LiveTune: Dynamic Parameter Tuning for Feedback-Driven Optimization
Soheil Zibakhsh Shabgahi, Nojan Sheybani, Aiden Tabrizi, Farinaz Koushanfar
TL;DR
LiveTune enables real-time dynamic hyperparameter tuning during runtime through LiveVariables and LiveTriggers, addressing the inefficiencies of restart-based optimization in feedback-driven learning. The framework supports continuous training, integrates with major ML frameworks, and demonstrates energy and time savings, plus improved RL policy development via reward shaping in the Hungry Thirsty Domain and an in-person competition. Key contributions include the LiveVariables/LiveTriggers design, a central dictionary for coordinated updates, and an open-source API enabling unsupervised feedback-driven optimization.
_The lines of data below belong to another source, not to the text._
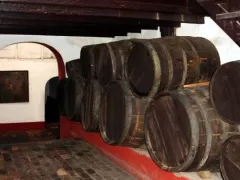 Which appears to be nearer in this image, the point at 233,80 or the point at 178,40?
the point at 233,80

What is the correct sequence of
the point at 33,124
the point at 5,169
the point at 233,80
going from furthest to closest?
the point at 33,124
the point at 5,169
the point at 233,80

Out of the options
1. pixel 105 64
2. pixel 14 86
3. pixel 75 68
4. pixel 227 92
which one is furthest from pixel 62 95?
pixel 14 86

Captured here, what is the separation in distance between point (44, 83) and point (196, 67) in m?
8.53

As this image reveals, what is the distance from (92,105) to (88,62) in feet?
2.48

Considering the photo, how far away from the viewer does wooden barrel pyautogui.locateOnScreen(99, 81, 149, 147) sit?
12.1ft

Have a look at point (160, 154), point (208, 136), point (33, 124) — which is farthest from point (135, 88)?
point (33, 124)

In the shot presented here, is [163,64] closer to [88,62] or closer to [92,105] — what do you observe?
[92,105]

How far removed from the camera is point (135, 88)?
360 cm

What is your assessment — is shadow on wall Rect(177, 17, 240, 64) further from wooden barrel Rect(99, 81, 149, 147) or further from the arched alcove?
the arched alcove

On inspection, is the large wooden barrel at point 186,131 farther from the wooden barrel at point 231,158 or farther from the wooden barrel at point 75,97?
the wooden barrel at point 75,97

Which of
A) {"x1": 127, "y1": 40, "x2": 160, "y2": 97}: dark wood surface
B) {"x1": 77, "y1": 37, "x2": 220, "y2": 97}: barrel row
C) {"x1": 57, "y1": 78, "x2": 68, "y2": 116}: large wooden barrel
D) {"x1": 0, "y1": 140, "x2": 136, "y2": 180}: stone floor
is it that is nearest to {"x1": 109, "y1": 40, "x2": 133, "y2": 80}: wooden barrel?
{"x1": 77, "y1": 37, "x2": 220, "y2": 97}: barrel row

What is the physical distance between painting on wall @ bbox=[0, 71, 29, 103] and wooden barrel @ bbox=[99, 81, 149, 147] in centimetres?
741

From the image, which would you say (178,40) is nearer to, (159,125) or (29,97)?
(159,125)

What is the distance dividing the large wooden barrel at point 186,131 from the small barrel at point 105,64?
115cm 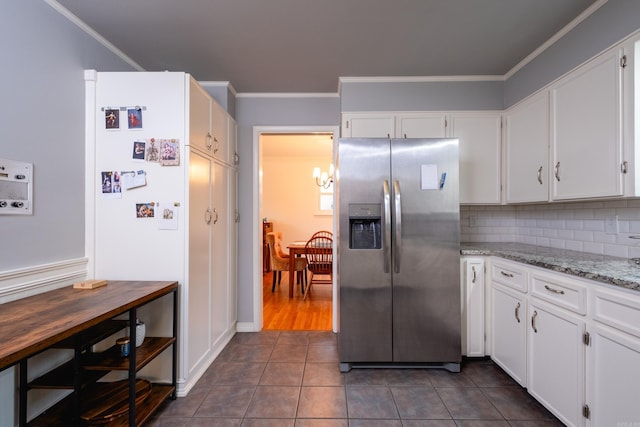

The work highlights practical impact for ML and RL workflows by reducing wasted compute and accelerating experimentation, with broader implications for energy-efficient autonomous systems.
Abstract
Feedback-driven optimization, such as traditional machine learning training, is a static process that lacks real-time adaptability of hyperparameters. Tuning solutions for optimization require trial and error paired with checkpointing and schedulers, in many cases feedback from the algorithm is overlooked. Adjusting hyperparameters during optimization usually requires the program to be restarted, wasting utilization and time, while placing unnecessary strain on memory and processors. We present LiveTune, a novel framework allowing real-time parameter adjustment of optimization loops through LiveVariables. Live Variables allow for continuous feedback-driven optimization by storing parameters on designated ports on the system, allowing them to be dynamically adjusted. Extensive evaluations of our framework on standard machine learning training pipelines show saving up to 60 seconds and 5.4 Kilojoules of energy per hyperparameter change. We also show the feasibility and value of LiveTune in a reinforcement learning application where the users change the dynamics of the reward structure while the agent is learning showing 5x improvement over the baseline. Finally, we outline a fully automated workflow to provide end-to-end, unsupervised feedback-driven optimization.